Your assignment :: Reproduce the listing below exactly, except for its pictures.

Extracted entries ::
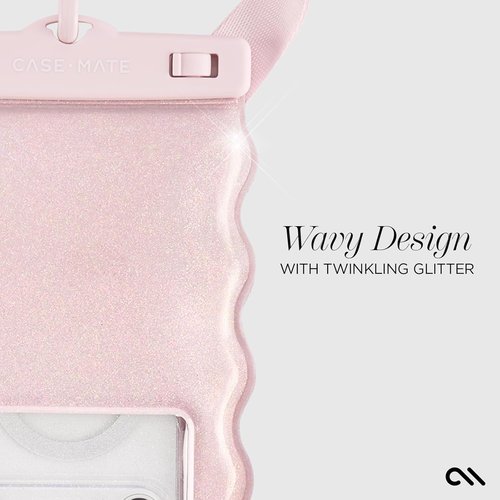 Case-Mate Wavy Waterproof Phone Pouch | IP68 Large Floating Case with Crossbody Lanyard - Ballet Pink Twinkle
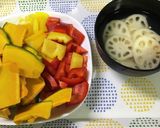 かぼちゃとレンコンの炒めもの作り方1写真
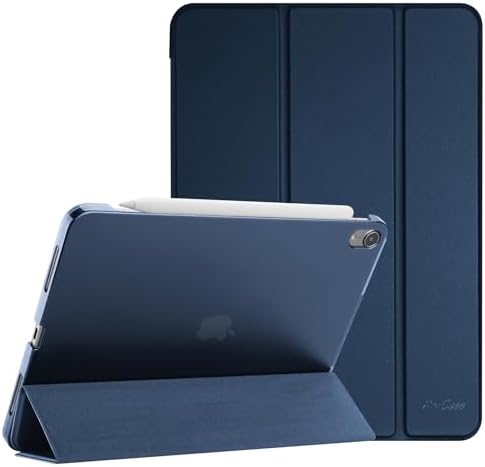 ProCase iPad Air protective smart cover in navy blue showing front view
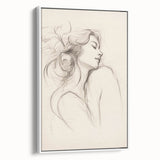 Framed abstract minimalist wall art design with a white canvas, showcasing soft, muted colors and geometric shapes, ideal for modern decor.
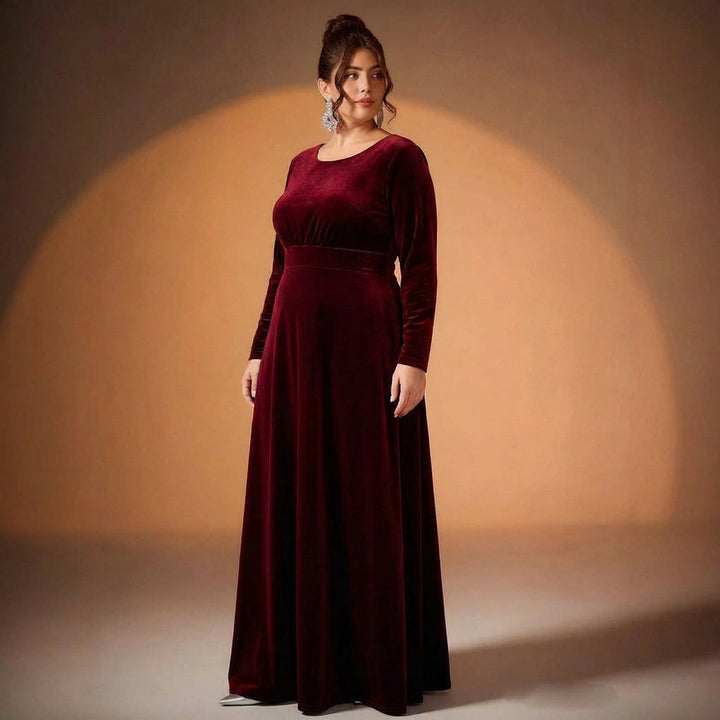 Maia | Long-Sleeve Velvet Maxi Dress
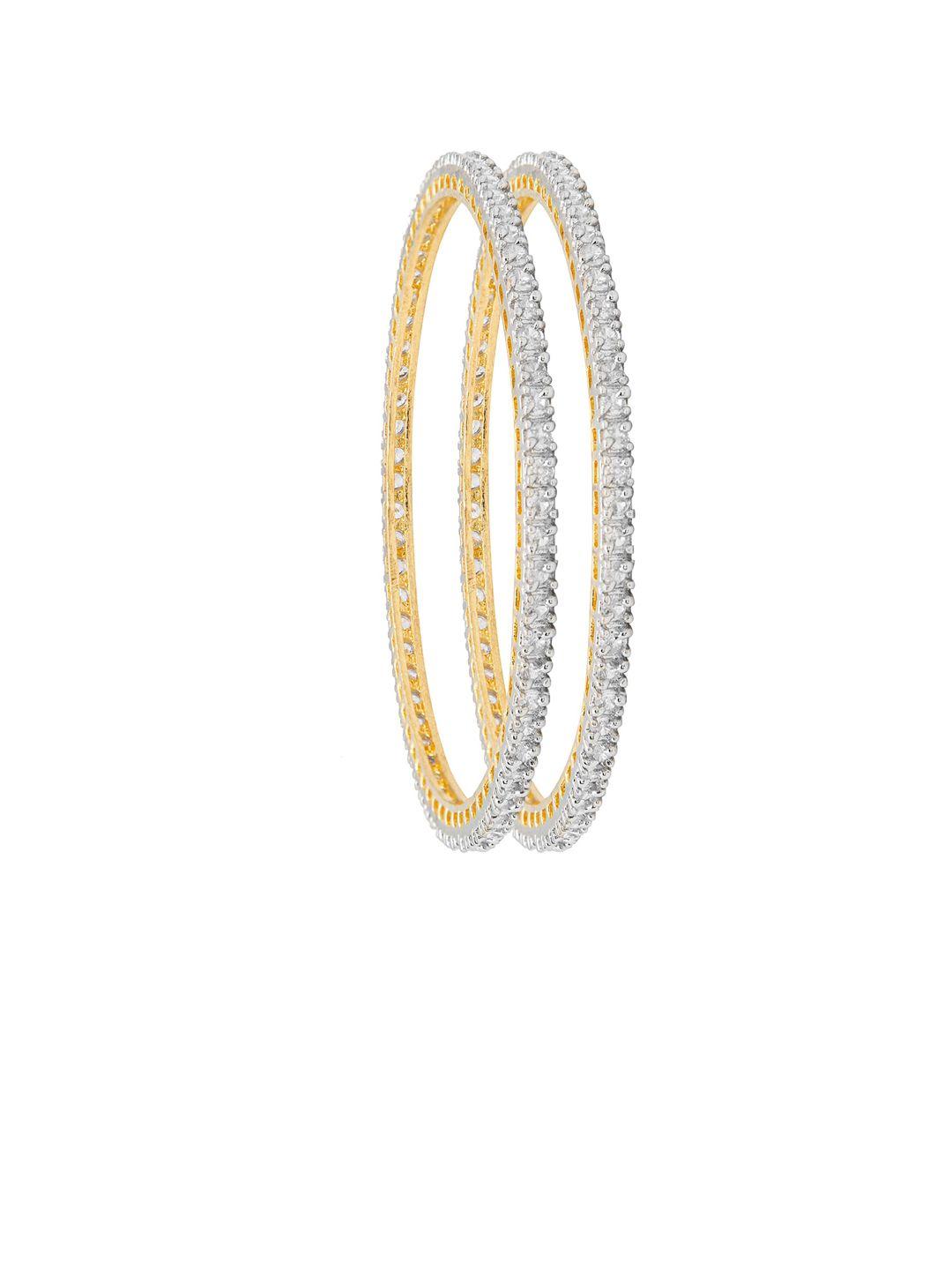 shining-jewel---by-shivansh-women-set-of-2-gold-plated-white-cz-studded-bangle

Written answer ::
 Case-Mate Wavy Waterproof Phone Pouch | IP68 Large Floating Case with Crossbody Lanyard - Ballet Pink Twinkle
 かぼちゃとレンコンの炒めもの作り方1写真
 ProCase iPad Air protective smart cover in navy blue showing front view
 Framed abstract minimalist wall art design with a white canvas, showcasing soft, muted colors and geometric shapes, ideal for modern decor.
 Maia | Long-Sleeve Velvet Maxi Dress
 shining-jewel---by-shivansh-women-set-of-2-gold-plated-white-cz-studded-bangle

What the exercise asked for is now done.